The network cut to a rerun.

Jess sat down. “As far as I’m concerned, our father deserted us. But if you want to track him down, I’ll tag along. I don’t want to speak to him, or even look at him. But I’ll go.”

Herbert stared out at the world as he’d known it for nearly two years: vague and filtered, kept at bay by bricks and mortar and filthy window glass. “So you’re saying I have to go?”

“Know what Sam calls this place? The Fortress of Solitude.” Jess raised the soda can to her lips, mildly surprised to find it empty. “I don’t know what happened in that casket. You never told me—I don’t know you’ve told anybody. I imagine it was horrible. And I know you’ve got money, enough to build this place and pay for that Jag and keep you in foreign soft drinks the rest of your life. But you need to get out.”

Herbert gave her a look—a funny, diverted glance, turning away from her as you might from someone who is sick. “You know why I’ve never talked about it? Nobody’s ever really asked. My agent, my publicist, they were always telling me to get over it, forget it, it’s the past. Do you really want to know?”

“Do you really want to tell me?”

After a moment, he said, “It was dark. It was dark and I could hear the casket creaking. The sand was imported from Egypt. Powdered bones, mostly, animals who’d died in the desert; supposedly more airy, lighter. I felt the pressure building as they poured it in—my ears popped. I knew it was going to shatter. That was the worst part. It was dark and I knew it was going to shatter. I called out a few times— screamed, I guess. Four tons of sand. That’s like, two and a half elephants.” He shook his head wonderingly, as if the weight, stated in plain physical terms, shocked him. “It buckled. A shard of wood cut my cheek. That’s all I really remember. My life didn’t flash before my eyes. All I remember is darkness and pressure. This hard, featureless pressure.”

For a long time neither of them spoke. Why would anyone squirrel himself away after something like that, Jess wondered. She’d never want to be cooped up again—sleep in an open field under the stars, no walls, no roof. No pressure.

“A lot of luck in my life, up ’til then.” Herbert shrugged. “Streak was bound to end.”
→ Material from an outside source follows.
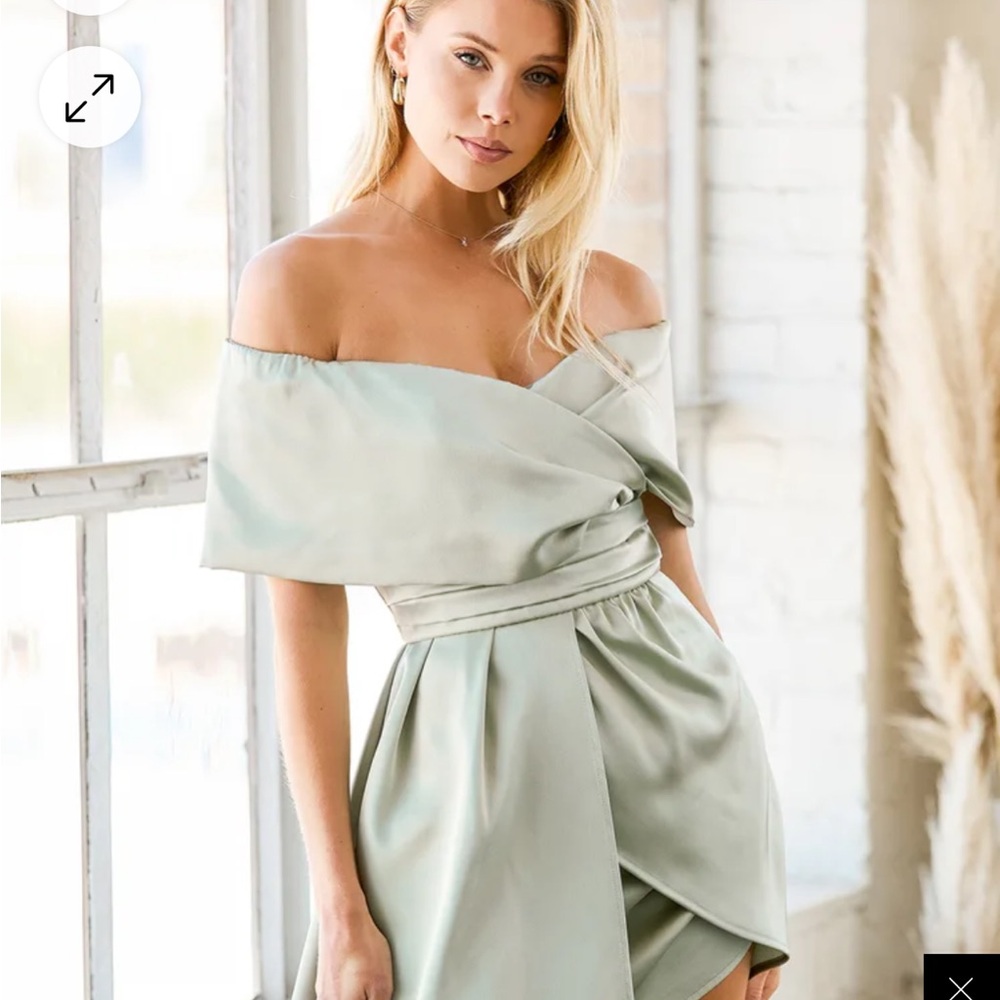 Always Celebrating Sage Green Satin Off-the-Shoulder Mini Dress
For the first time in many years Jess thought of walking home from school with him in the winter twilight, their flesh an oyster-gray color against the snow, Herbert animated beyond all reason, circling her like an excited dog until she’d wrestled him down and given him a snowy face wash, the two of them tumbling over the clean white ground like shirts in a dryer. She couldn’t connect the man sitting across from her to the boy she’d known years ago. There wasn’t even a vague outline, a silhouette.
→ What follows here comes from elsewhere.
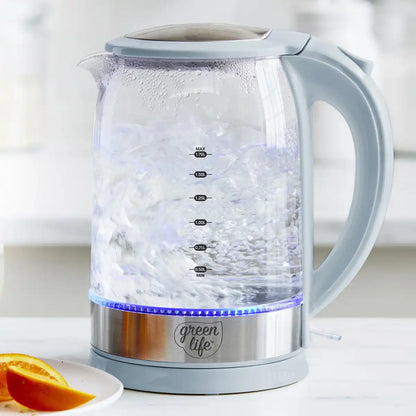 GreenLife Qwik & EZ Glass Kettle | Blue Haze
“I’ll be here tomorrow morning at nine,” she said. “You walk out the front door and I’ll drive wherever you want.”

“Can’t you give me a few days?”

“How serious are you about this? The article’s dated yesterday.”

Herbert followed his sister to the front door. Hazy autumn sunshine streamed through a bank of saw-edged clouds; after the sepulcher that was her brother’s house, Jess had to squint. Opening the Jeep door, she cast a brief glance over her shoulder: Herbert stood in the hall, face broken into shadowed squares by the screen door’s mesh.

THAT EVENING she sat on the porch with her husband, his hand holding hers under a blanket. Since being promoted off the factory floor his hands had softened, become more careful and defensive, as though, numbed from years on the line, feeling had returned to them.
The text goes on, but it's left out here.